Marc Crawford was simply relieved he still had a job.
Interim general manager Kyle Davidson was in the process of clearing out most of the Blackhawks’ coaching staff, feeling a change was long overdue. But he saw Crawford as part of the solution. In their Nov. 6 meeting — one of many meetings of varying tones Davidson held that day — he told him so.
Crawford, 60, has endured many meetings where the news was different, where he wasn’t seen as part of the solution. He has also experienced just how successful things can be when teams do get their solutions right, with one Stanley Cup and eight playoff appearances to his name. He has seen it all.
So as Crawford forges on with the Hawks, having adopted a larger and more public-facing role as the associate coach to interim coach Derek King, he holds tightly to the perspective he has gained.
“I’ve been around long enough to know that every job in the league is a good one,” he said Tuesday in a soft voice, far different than his booming yell on the ice. “Whether you’re an assistant just starting out or whether you’re the guys that do the media, I’ve held a lot of jobs in hockey, and they’re all good.
“There’s sometimes 5% of this game that sucks.
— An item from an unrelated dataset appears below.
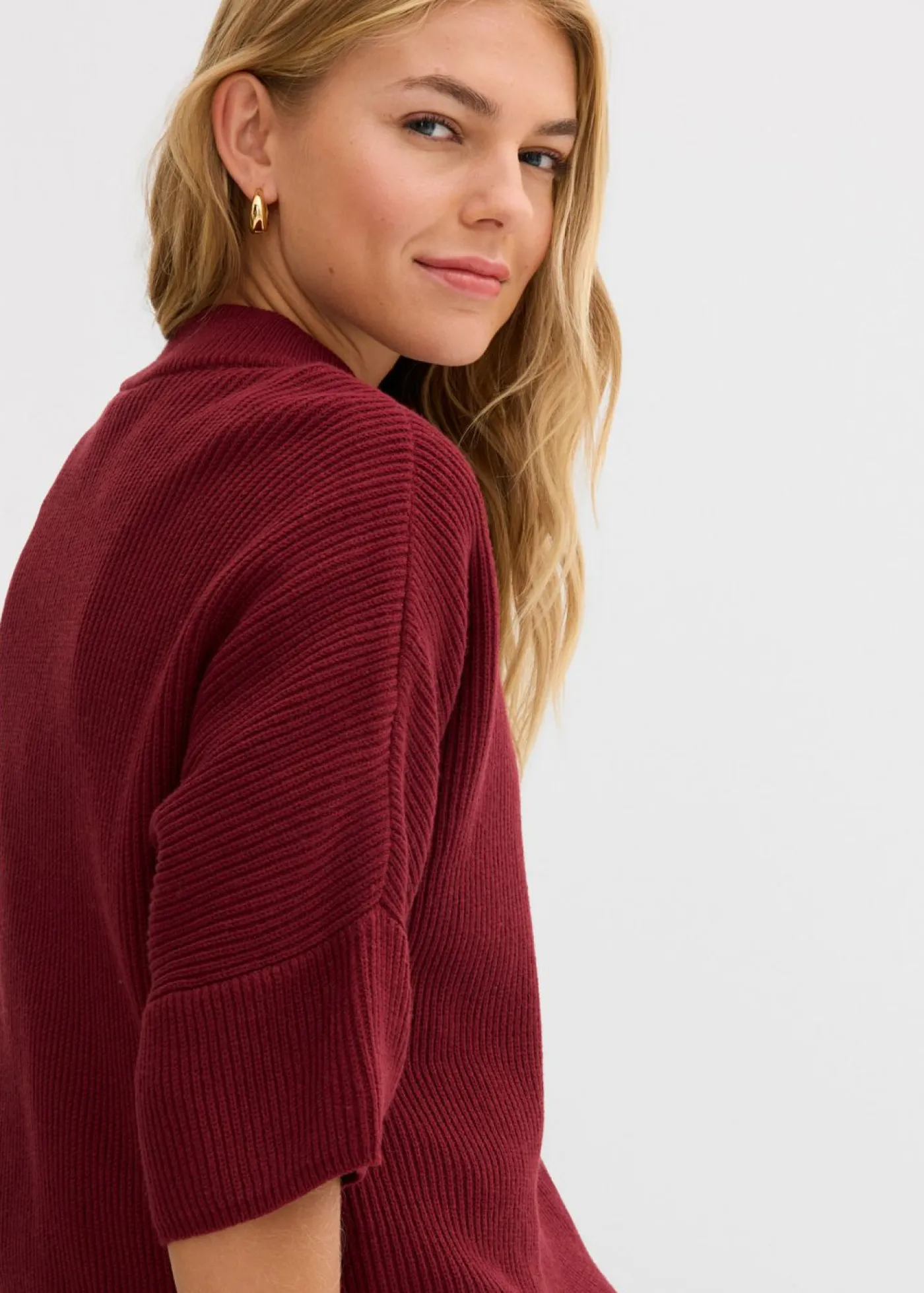 bonprix bonprix Jerséis|Ropa De Punto>Jersey con corte boxy de mezcla de viscosa suave Rojo rubí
Seeing friends go and getting fired, getting fired yourself. Sometimes the travel, sometimes the fatigue can be bad. But it’s only about 5%. Everything else is really good, and people would cut their right arm off to be in a position like any of us are in.
“And so the secret is, don’t let the 5% become more. Don’t let it become 6 or 7 or 8 or 9 or 10%. Just keep remembering where you are and keep enjoying every day.”
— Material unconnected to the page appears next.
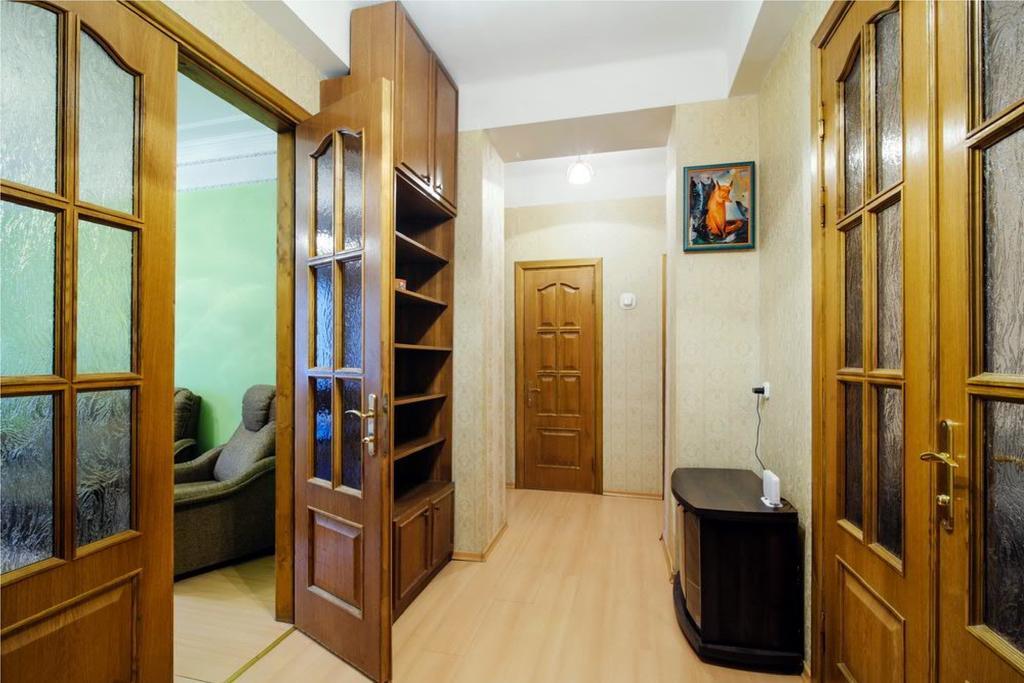 Apartment Kirova 1 Minsk Dış mekan fotoğraf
Crawford’s future still isn’t particularly secure. He’s part of an interim staff, one that could change dramatically again next summer. But he insists he’s acting the same he would if he had a “five-year no-cut contract.”
He’s surrounded by people with whom he’s comfortable, too. His longtime colleague and friend Rob Cookson was just hired as assistant coach. His son, Dylan, is one of two Hawks video coaches — along with Matt Meacham — taking on significantly more duties lately. And his personality has meshed perfectly with King, despite their lack of history together.
“We are really good together because we understand that you can’t take yourself too seriously,” Crawford said. “He likes to have fun. As much as I want to be serious, I also like to have fun, too. We’ve got a nice balance.
“[Derek has] brought his own attitude to the game. It’s a unique attitude. And it’s been well-received by our players. Anytime there’s change, and I’ve been involved in a lot of change . . . sometimes it doesn’t really matter the message. Sometimes it’s the delivery that matters. And he’s been terrific with his delivery.”
Under Jeremy Colliton and alongside Sheldon Brookbank — two coaches he described as “hands-on” — Crawford’s purpose was to be “the veteran coach who they bounced things off of.” He took a more passive role in player interactions to overwhelm them.
Under King, however, Crawford exclusively handles the defensemen and has led most practices, too. Crawford describes his current role as more “vociferous,” although the practice coordination will gradually shift over to King in time.
But both roles were alright with him. After 30 years of coaching, he’s witnessed hockey evolve as a sport, coaching evolve as a practice and players evolve in their ways of absorbing information. And he’s grateful to still be in the thick of it.
“It’s always the right thing to keep yourself focused on the 95% of the game that’s really good,” he said. “Having been through the wars, it’s hopefully an attitude that we can keep selling to everybody.”